I’ve long advocated for the sharing of sexual fantasies with a partner. Communication and trust are two very important aspects of a healthy relationship – and understanding that just because you are in a relationship doesn’t mean your mind is closed.
As I mentioned in my last entry, I’ve been struggling with a downswing in my sex life. A natural cycle in life, but something that comes with mixed blessings. Part of that has meant in my relationship there hasn’t been a great deal of sharing in regard to sexual fantasies. But don’t assume that has meant things have turned for the worst, far from it. It’s just meant other ideas, dreams and silly notions have found their way to the surface.
In what I see as, perhaps, a turn in a different direction is a recent opportunity I had to push myself out of that muddle. I’d been delightfully tormented by a dream that left me feeling somewhat … my old self … and made a conscious effort to share it with my understanding husband.
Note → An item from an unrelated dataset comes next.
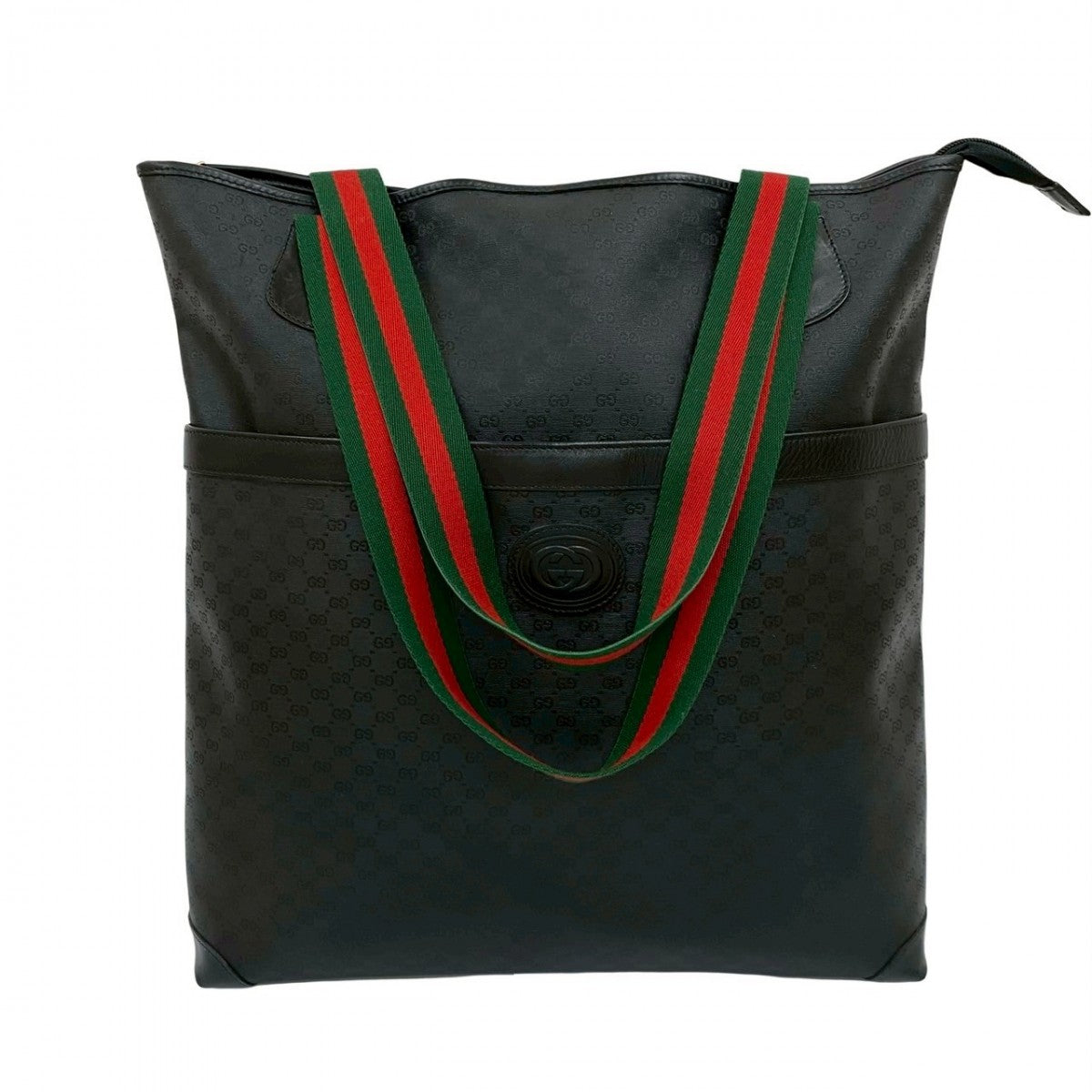 GUCCI Tote Bag leather black Sherry line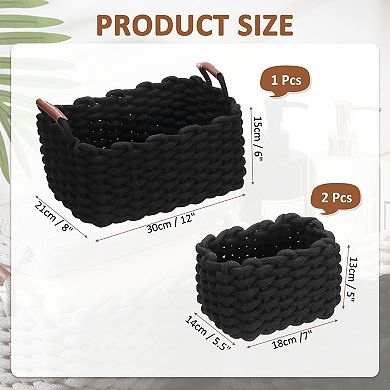 3Pcs Woven Basket, Cotton Rope Rectangle Storage Baskets with PU Handle for Cupboards Bookshelf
As expected – and comforting to be reminded – his response was to push my mind deeper into that fantasy; to reignite my imagination by helping me connect those thoughts to my physical desire.
We’ve always tried hard to have an open approach to such things – and tried equally hard to see them for the truth behind them, as opposed to turning on jealousy and frustration.
There’s always a risk of trying to venture back into that territory after life has taken you down a different path. And it can be a challenge to return to that space because there’s that sense of having “moved on”. I worry about that myself – but I’m slowly and meticulously finding ways to regain a sense of being a sexual person; a woman with ideas, desires and fantasies.
Trust me people, it’s worth the risk to open those lines of communication between each other … especially when real life begins to consume almost every sinew of your being.